→ **ASSIGNMENT**:
When you repeat the material, keep each line exact and omit the pictures.

→ **GIVEN INFORMATION**:

-------

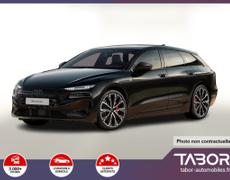 Audi A6 e-tron Strasbourg
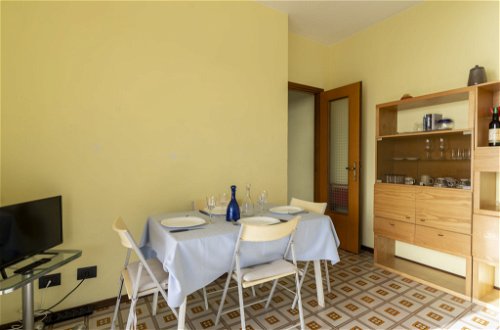 Foto 8 - Apartamento de 1 habitación en Sanremo con terraza y vistas al mar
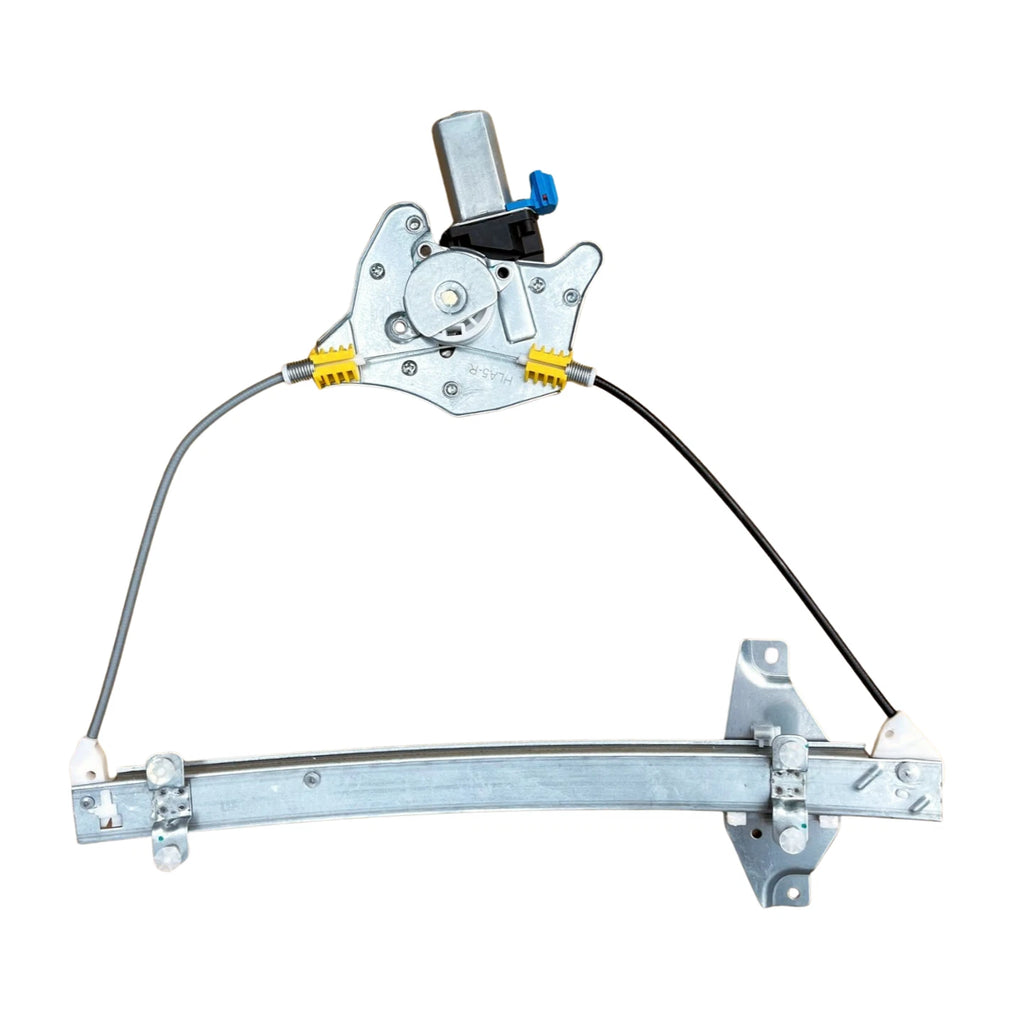 RR Rear Right Window Regulator W/Motor for Holden Barina TK 4D Sedan 02/06-10/11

-------

→ **FINAL ANSWER**:
 Audi A6 e-tron Strasbourg
 Foto 8 - Apartamento de 1 habitación en Sanremo con terraza y vistas al mar
 RR Rear Right Window Regulator W/Motor for Holden Barina TK 4D Sedan 02/06-10/11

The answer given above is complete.